That approach led to stories that challenged some of the administration’s basic assumptions. The stories didn’t claim that Iran had no nuclear-weapons program or that its intentions were peaceful. Instead, McClatchy’s reporters focused on the lack of evidence and the ambiguities. As one of their headlines put it, NO FIRM EVIDENCE OF IRANIAN NUCLEAR WEAPONS. Another story flagged recent feelers from Iran, suggesting it might be willing to make a deal to suspend uranium enrichment. Yet another piece surveyed Iran experts and found a broad swath of agreement that, despite the rhetoric that a nuclear weapon would represent an “existential threat” to Israel, Tehran appeared to want a nuclear capability for “the same reason other countries do: to protect itself.”

All of which would have been unremarkable, were it not for the overwhelming chatter in the other direction. “There’s no doubt that [Iran is] moving forward with the acquisition of a nuclear weapon,” McCain said last fall, a few minutes after he jokingly sang, “Bomb, bomb, bomb, bomb, bomb Iran” to a Beach Boys melody. Such talk wasn’t limited to conservatives. Hillary Clinton tried to outflank the administration, asserting in January 2006, “Iran is seeking nuclear weapons” and arguing that the White House actually “chose to downplay the threats.” In April 2006, Joe Klein, Time’s centrist columnist, argued on ABC’s This Week, “We should not take any option, including the use of tactical nuclear weapons, off the table.” (McClatchy’s reporters have rarely been invited to join the discussion. “No one comes to us,” says national-security reporter Jonathan Landay. “I did CSPAN once.”)

The main fear of course has been that a nuclear-armed Iran might attack Israel. (As President Bush presented it last October, a nuclear-armed Iran could result in “World War III.”) The underlying assumption is what might be called the crazy-mullah model: Iran’s leaders are so twisted by religious fervor that even the likelihood of their own destruction, from Israel’s nuclear arsenal, wouldn’t dissuade them from an attack. As Bernard Lewis, the hawkish Princeton academic, put it last year, “Mutual Assured Destruction is not a deterrent; it is an inducement.”

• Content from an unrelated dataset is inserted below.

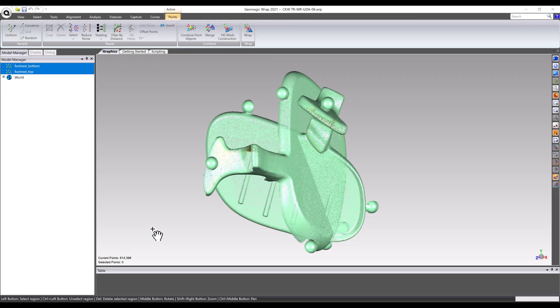Geomagic WRAP has earned its reputation over the years as one of the most capable and flexible mesh editing programs on the market. Here are two partial point cloud scans of a footrest, being taken through one of the many Geomagic WRAP mesh editing workflows, highlighting just a taste of the many tools available in this capable software.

Ahmadinejad has certainly encouraged this kind of thinking, as has, indirectly, the coverage of him. Ahmadinejad has a penchant for demagogic rants. He infamously questioned whether the Holocaust happened and, to international outrage, said in 2005, “The regime occupying Jerusalem must vanish from the page of time.” He makes for good copy—when he spoke at Columbia University last fall, CNN ran forty-five minutes of live coverage. Still, decision-making power on national security and foreign policy lies not with Ahmadinejad, but with Supreme Leader Ayatollah Khamenei and the clerics around him.

For all the rhetoric emanating from both Tehran and the U.S., Iran’s history since the 1979 revolution contains little evidence suggesting the country’s leaders would launch what would amount to a suicidal attack. One rare voice to question the doomsday scenario has been Newsweek’s international editor, Fareed Zakaria. His conclusion, as he wrote last October: “The American discussion about Iran has lost all connection to reality.”

“The question about Iran’s rationality rests on this: They’ve been in power for thirty years. What have they done?” Zakaria noted on PBS’s NewsHour. “The idea that they are not going to be deterred by Israel’s two hundred nuclear weapons, including a second-strike capacity on submarines, is just fantasy. It’s based on plucking a few quotes here and there from a president who is not constitutionally or operationally in charge of the nuclear program.”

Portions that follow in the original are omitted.